PROJECT SUMMARY
Pediatric appendectomy, the most prevalent inpatient procedure in children, is associated with significant
burden to the patient, their parents, healthcare systems and third party payors. After discharge, monitoring by
parents consists only of such “proxy” subjective assessments, which have been reported as inaccurate, and
resulted in both increased complications (e.g., readmissions), and wasted healthcare resources (e.g.,
potentially avoidable emergency department (ED) visits after surgery). Advances in consumer wearable
devices (“CWDs”) that passively and non-invasively monitor physical activity (PA), heart rate (HR), and sleep
are ushering in a new era of symptoms science, particularly after surgery. Their expanding capability to
generate continuous, valid, objective, and actionable measures in near-real time in children, provide
opportunities to detect altered post-operative recovery patterns early, and therefore improve the precision and
timeliness of any necessary clinical interventions.

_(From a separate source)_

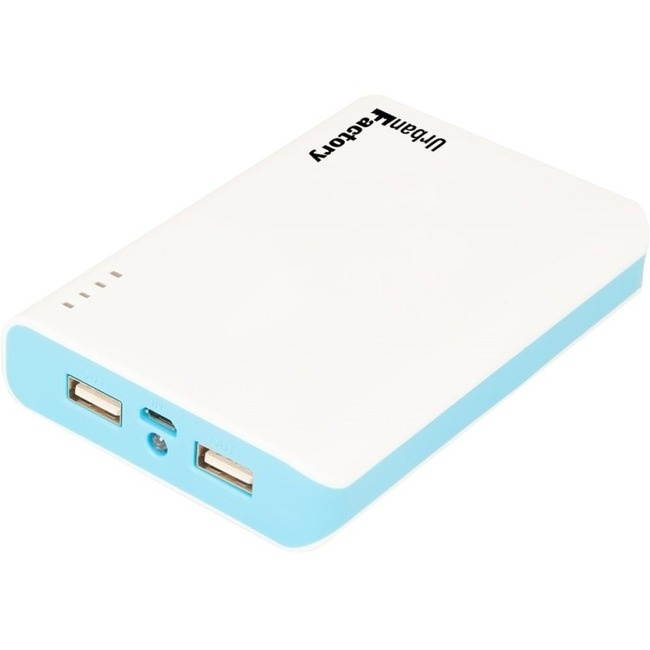 Urban Factory Cosmic Battery 10400 Mah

The proposed study will use a CWD, the Fitbit Inspire 2, and
will apply machine learning methods to the Fitbit data (physical activity, HR, and sleep) to create clinically
meaningful alerts for early detection of postoperative infection. During hospitalization and continuing after
discharge, a Fitbit Inspire 2, a widely-used, commercially wearable device well-tolerated by young children (3-
18 years old) will be used to measure step counts, sleep, and HR. The proposal has 2 aims. Aim 1 develops
and validates machine learning algorithm for infection using the Fitbit. Aim 2 prospectively feeds near-real time
Fitbit data on postoperative appendectomy patients to clinicians, and examines their effect on clinical decision
making, time to first contact with the healthcare system, and on overall healthcare use patterns. The proposal
is aligned with NINR’s research priorities. Methods developed from this work will pave the way to develop
similar algorithms for other patient populations needing a proxy, as well as to characterize other surgeries and,
should improve overall postoperative management for all surgical patients.